§ Exercise goal
Below are the records; output them exactly from the first line through the line with "Tracy Spiridakos Instagram", stopping there.

§ The records

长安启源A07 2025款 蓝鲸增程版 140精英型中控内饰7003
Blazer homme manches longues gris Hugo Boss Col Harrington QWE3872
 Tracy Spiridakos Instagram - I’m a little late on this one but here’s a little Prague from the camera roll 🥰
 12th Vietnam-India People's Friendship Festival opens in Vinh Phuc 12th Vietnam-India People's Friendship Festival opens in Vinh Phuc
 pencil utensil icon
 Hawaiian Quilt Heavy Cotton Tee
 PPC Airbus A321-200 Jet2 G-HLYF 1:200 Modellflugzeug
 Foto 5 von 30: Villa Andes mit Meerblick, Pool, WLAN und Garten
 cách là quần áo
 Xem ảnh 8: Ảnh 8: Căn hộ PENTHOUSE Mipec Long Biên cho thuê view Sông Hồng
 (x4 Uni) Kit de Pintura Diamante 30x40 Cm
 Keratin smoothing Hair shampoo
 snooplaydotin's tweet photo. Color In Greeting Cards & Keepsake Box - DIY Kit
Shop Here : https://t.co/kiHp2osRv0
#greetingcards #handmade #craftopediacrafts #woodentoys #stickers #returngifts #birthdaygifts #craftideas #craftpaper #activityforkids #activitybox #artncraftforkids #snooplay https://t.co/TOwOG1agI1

§ Result below
长安启源A07 2025款 蓝鲸增程版 140精英型中控内饰7003
Blazer homme manches longues gris Hugo Boss Col Harrington QWE3872
 Tracy Spiridakos Instagram - I’m a little late on this one but here’s a little Prague from the camera roll 🥰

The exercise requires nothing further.